SQUINTER had his first eat-out sit-down meal in five months at the weekend. In the city centre, it was, and regular readers of this column will know that Squinter has what we might charitably call a problematic relationship with the beating heart of Belfast. And if we were being less charitable we’d just say that he hates the place with a passion.
Being a Sunday, it wasn’t part of the Eat Out to Help Out scheme, which was only available Monday to Wednesday, and which in any case came to an end this week. Given the fact that the lockdown has hit business hard, Squinter doesn’t propose to identify any of the establishments involved in the following sorry tale because, well... because that’s the kind of guy he is...


The meal was already paid for as it came as a Christmas gift voucher which has lain forlorn in a drawer while the Covid pandemic took its extraordinary course. But as the lockdown has been gradually eased and some fragile sense of normality has been returning, it was decided that a nice meal in a nice restaurant with a decent concern for public health was finally called for.


Squinter and one other arrived in town an hour before the designated table booking time and took a seat on the pavement outside a bar. No lamps, no flowers, no cushions, no music – just a Homebase flatpack picnic table and bench in the shadow of a large and ugly office building. The obligatory pint and glass of wine were ordered, the contactless beep that’s been the soundtrack of lockdown completing the transaction.


As he took his first sip of beer Squinter glanced idly at the receipt that the waiter had left on the plain table. £4.90 for a pint of bog-standard lager and £7.35 for a glass of wine – total bill for the two drinks: £12.25. Squinter’s told that while this is probably a little above average for the city centre, it’s by no means remarkable.


Squinter’s going to guess that the majority of people over the age of 40 will be either shocked or mildly discombobulated by the price of drink in the city centre, while the younger cohort has grown up well used to such charges. And since we’re talking about shocks, it is Squinter’s ethical duty to report that, whatever his misgivings, he went on to order a second round which brought us to within five minutes of the restaurant booking time. And so we drank up and ambled contentedly the short distance to where our table awaited.


The Covid protocols in place were first class. Hand-washing facilities at the door and a brief explanation from a member of staff of the house Covid rules (the main one being masks on at all times when not seated). Wine was included with our meal, but Squinter decided he’d have another beer while waiting for the food to arrive. This time a pint was £5.40. By this time Squinter was kind of getting used to the unpleasant surprises, so much so that when the meal was finished and the table cleared, he ordered another £5.40 pint just for the hell of it.

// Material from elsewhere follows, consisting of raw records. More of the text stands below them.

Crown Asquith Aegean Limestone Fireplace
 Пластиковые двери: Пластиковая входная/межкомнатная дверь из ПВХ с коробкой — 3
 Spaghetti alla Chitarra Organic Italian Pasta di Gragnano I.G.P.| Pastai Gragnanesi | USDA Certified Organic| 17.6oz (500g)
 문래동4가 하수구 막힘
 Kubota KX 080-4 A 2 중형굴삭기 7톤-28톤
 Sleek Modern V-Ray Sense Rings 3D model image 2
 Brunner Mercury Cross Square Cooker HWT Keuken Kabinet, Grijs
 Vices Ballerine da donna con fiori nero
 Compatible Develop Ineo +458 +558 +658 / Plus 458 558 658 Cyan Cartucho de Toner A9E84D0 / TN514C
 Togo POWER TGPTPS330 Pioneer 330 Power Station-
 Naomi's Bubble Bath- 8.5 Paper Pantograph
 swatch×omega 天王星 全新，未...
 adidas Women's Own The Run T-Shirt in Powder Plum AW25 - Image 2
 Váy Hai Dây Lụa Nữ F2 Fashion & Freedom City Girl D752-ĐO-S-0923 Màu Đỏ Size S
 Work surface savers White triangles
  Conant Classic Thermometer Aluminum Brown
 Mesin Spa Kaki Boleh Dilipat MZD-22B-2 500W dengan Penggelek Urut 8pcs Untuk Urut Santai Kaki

Somewhere between finishing his dinner and ordering his second pint Squinter masked up and went to the loo. The restaurant was beautifully appointed, so what came as a bigger surprise than the price of the beer was the fact that the men’s toilet had no door. Perhaps Squinter’s should be a little more precise. Of course there was a door on the way into the toilet. But past the urinals lay the single cubicle, which was bereft of a barrier with a lock. It was open to the world – or at least to the other four guys busy at the urinals. Squinter moved in a for a closer inspection and it was soon confirmed that the sit-down toilet was doorless. In retrospect, Squinter can see that some bloke examining a toilet wall must have been a strange sight to the four peeing patrons, but what happened happened.


So, to recap: five and a half binoinkers for a pint in a restaurant with no bog door. While Squinter didn’t use the loo of the bar with the picnic benches, he assumes that he’d have been able to go about his business in private had he been caught short. It’s come to something when one of the most positive things you can say about a bar that charges a fiver for a pint is that it has a door with a toilet.


Not being familiar with imbibing south of the Whiterock, Squinter has no idea whether these prices are standard or whether they have been put up to alleviate the financial pressures put on businesses by restricted customer numbers during the pandemic. All he does know is that Belfast has for some time had some of the highest sterling prices he’s seen outside London – an unfortunate state of affairs that Squinter has referred to more than once. In the Beatles Quarter of Liverpool, for instance, whose narrow streets are in many ways reminiscent of Belfast’s Cathedral Quarter, you can get a pint of beer for the same price as you’d get one in a West Belfast social club. Can you imagine the thoughts of a Japanese tourist who pays three quid for a Guinness in a pub where the Fab Four used to gargle and then gets a plane to Belfast to pay a fiver for the same drink in a bar where Julian Simmons had his 40th birthday party?